Metal staircase attachment - no beam 3

[mechemi]

First, I'm a mechanical engineering student, so I'm not familiar with the US building codes pertaining to this issue. This is also not coursework, but curiosity.

I have encountered a staircase in an industrial setting that is anchored at one end to diamondplate only. One side of the staircase end rests directly on diamondplate (is welded), several inches from the nearest beam connection. The other side of the same staircase end rests on air, next to diamondplate, with a 3" weld between them that would be subjected to shearing through the weld thickness. There are flanges on the diamondplate but no beam supporting it at the staircase.

My gut feeling is that a metal staircase should be connected beam-to-beam at both ends, and that diamondplate should not be used as a primary structural support. However, I don't know where to look to verify this. I found guidelines on the construction of the actual staircase but not regulations on how it would be attached.

Can someone direct me to the appropriate resource, or give me some guidance backed by more experience than I have?

 

[KootK]

Your gut feeling is quite right. Stair stringers are generally set out such that they bear on primary framing (beams, slabs, etc.) for support. The stairs that you've described sound like junk.

You're not likely to find a regulation specifically prohibiting the crappy connection details that you've encountered. And part of the reason for that is that, under the right circumstances, one could support a stair case from connections to the floor plate alone. It would be weird, and would require some calculation to justify it, but it could be done.

An excellent reference on stairs can be downloaded for free here: Link. It will tell you a good deal about how stairs are typically detailed but it won't supply a prohibition on the kind of connection details that you're seeing.

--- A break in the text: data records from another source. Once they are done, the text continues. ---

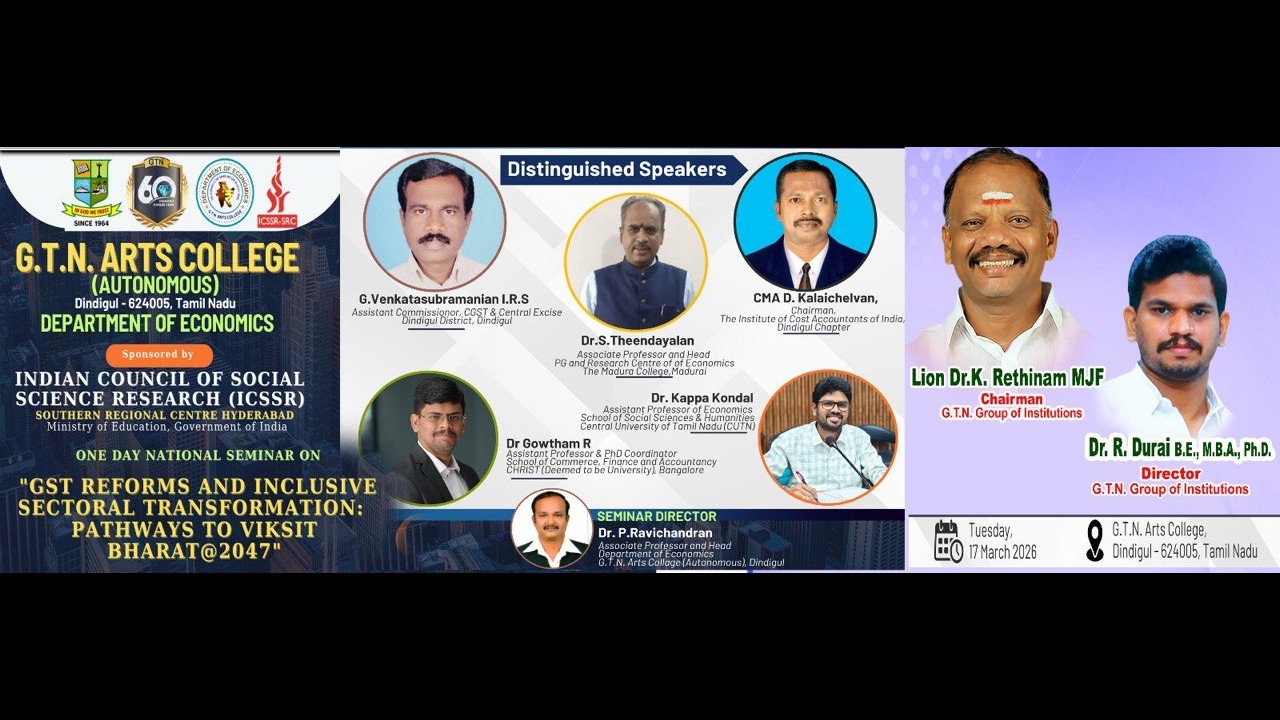 GST Reforms & Inclusive Sectoral Transformation | National Seminar 2026 | G.T.N Arts College Live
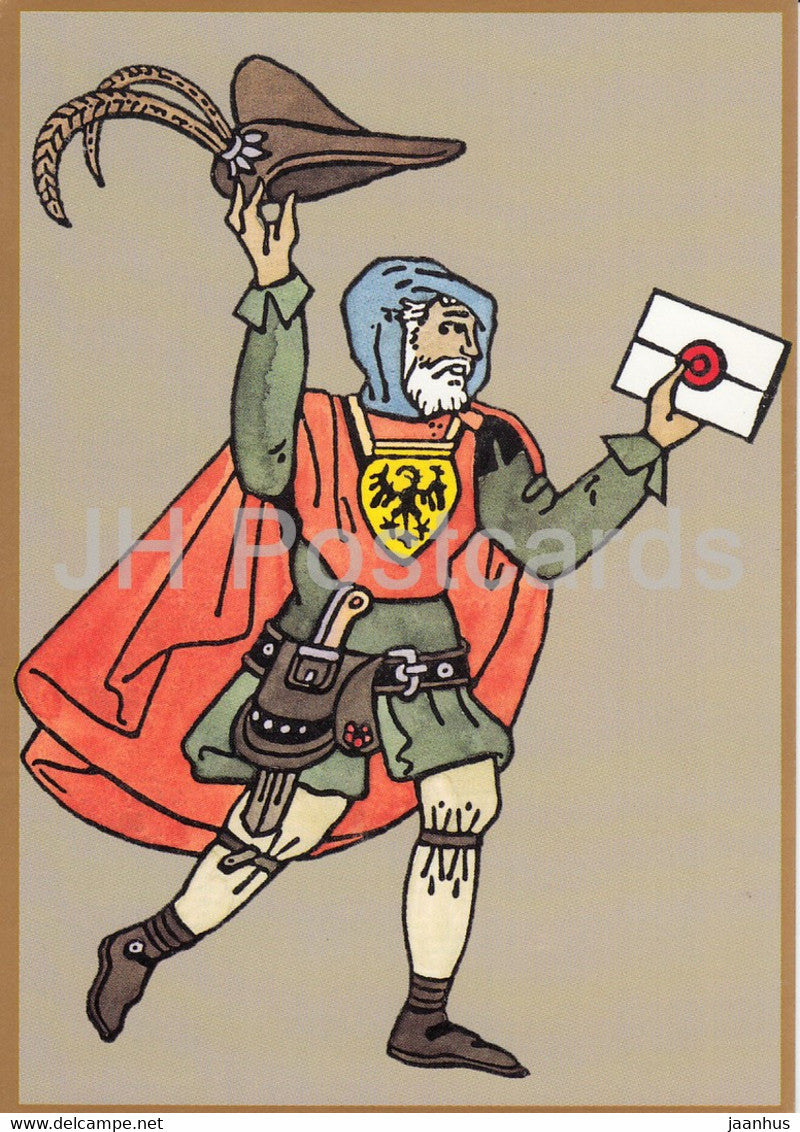Briefbote im 15 Jahrhundert - Mail Carrier - illustration - Germany - unused - JH Postcards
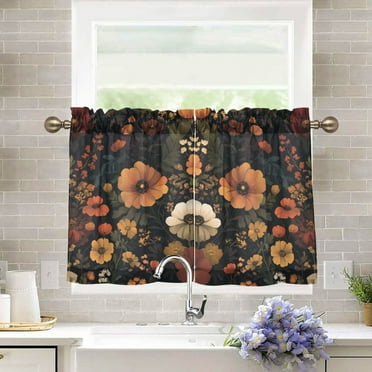 Yayeee Kitchen Curtains Light Filtering 27"x36" Rod Pocket Short Cafe Window Panel, Dark Floral Pattern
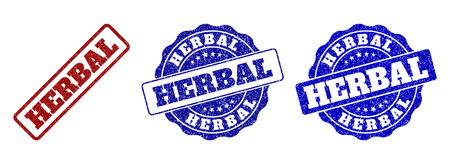 HERBAL grunge stamp seals in red and blue colors. Vector HERBAL overlays with grunge effect. Graphic elements are rounded rectangles, rosettes, circles and text titles.のイラスト素材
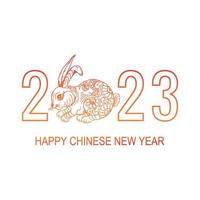 Chinese new year 2023 symbol decorated with a rabbit background vector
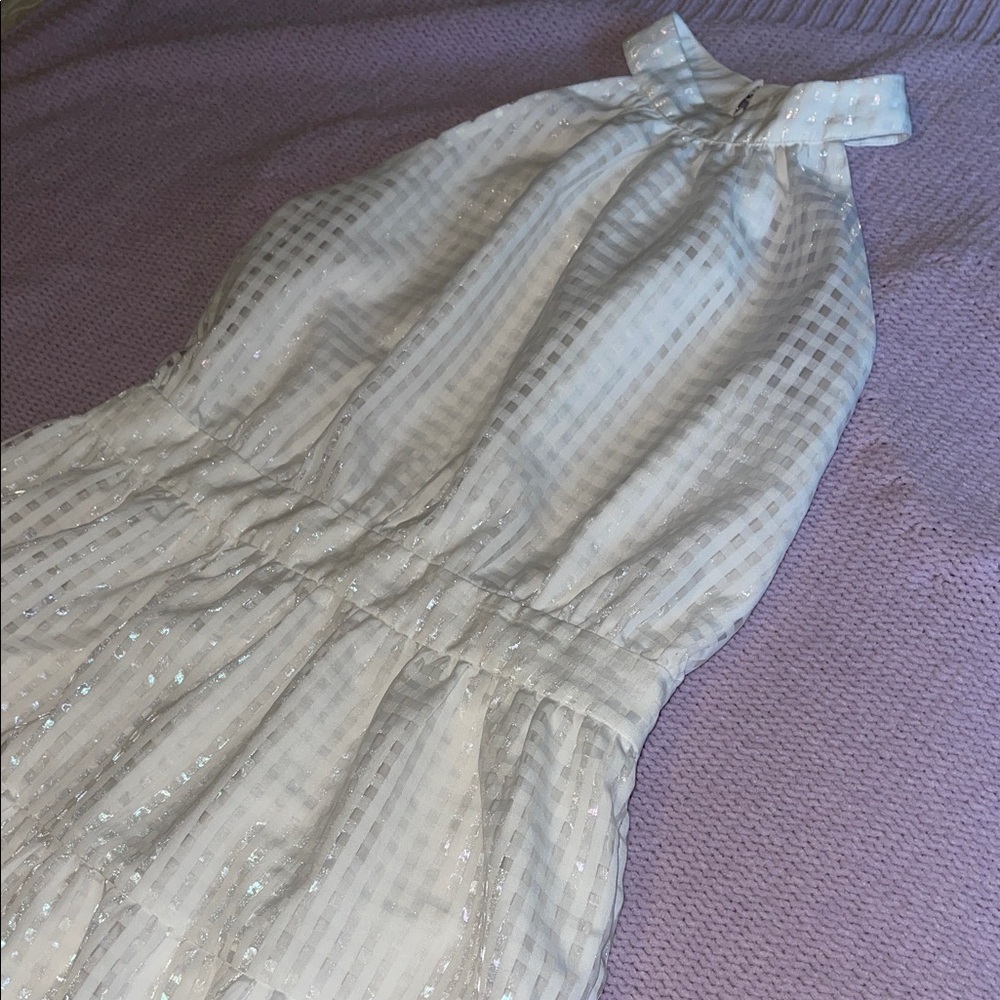 Adelyn Rae Sheer White Sequin Check Halter Dress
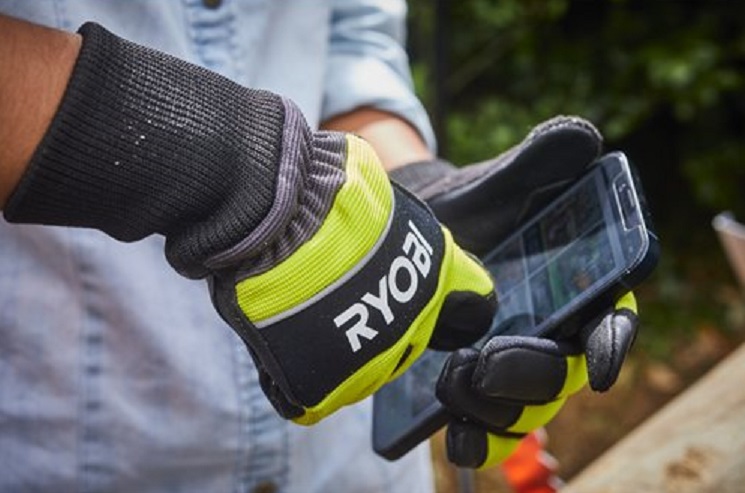 Рукавички для роботи з ланцюговою пилкою Ryobi RAC258L, вологозахист, р. L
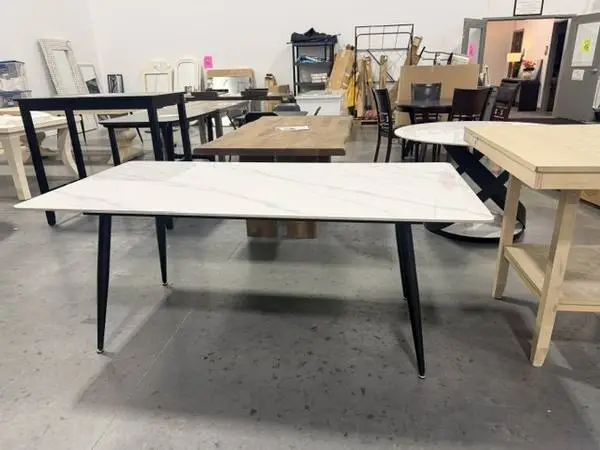 George Oliver 70 Modern Rectangular Black Dining Slate Table
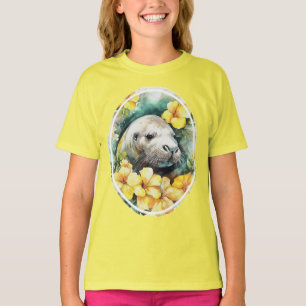 Hawaiian Monk Seal And Yellow Hibiscus Flowers T-Shirt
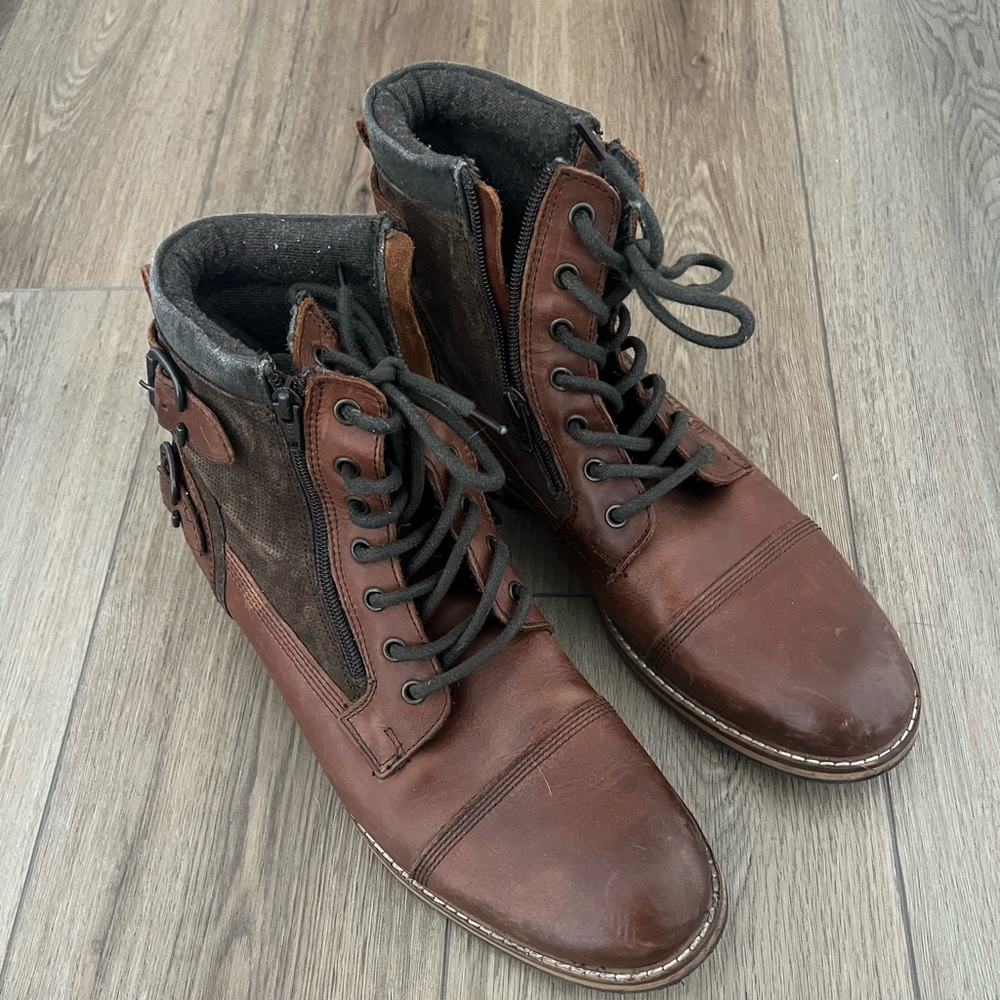 Crown Vintage Brown Brandon Double Buckle Zipper Ankle Leather Boots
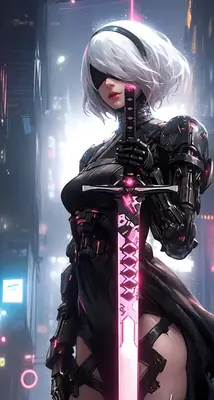 2B (YoRHa No.2 Type B) from NieR: Automata stands with a glowing pink sword in a futuristic, neon-lit cityscape.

The greatest trick that bond stress ever pulled was convincing the world it didn't exist.

 

[mechemi]

Unfortunately, I am describing the floor plate (well, landing plate) connection of the top flight of a stairs-landing-stairs assembly. So it's possibly worse than you're thinking. The stairs are supported stringer-to-beam at the top, and the staircase itself is standard metal industrial stairs (two closed box beams with flanged risers), but it seems bad to support any load by shear through a weld thickness.

(Gosh, I hope I'm describing this correctly..)

And if the weld doesn't fail in shear, then the weight of the stairs + live load is creating a load on the edge of the diamondplate, inducing a moment since the nearest support is several inches away. The diamondplate does have edge flanges which seems to be the only reason it has not bent already.


Thank you for the link, I'm reading through it now.

 

[Ron]

mechemi....my gut feel is you are right, but a sketch or photo of the issue would be helpful.

Providing support through weld shear is common, but there are situations where it should not be done.

 

[KootK]

You'll find it takes a fair bit to shock an experience structural engineer mechemi. As bad as you think your stairs are, I've got a bottle of scotch that says the ones in the shaft I walk up every day on my way to work are worse. Engineers of record often delegate the design of non-architecturally significant stairs to the steel suppliers. And skill can very a great deal from one steel supplier to the next.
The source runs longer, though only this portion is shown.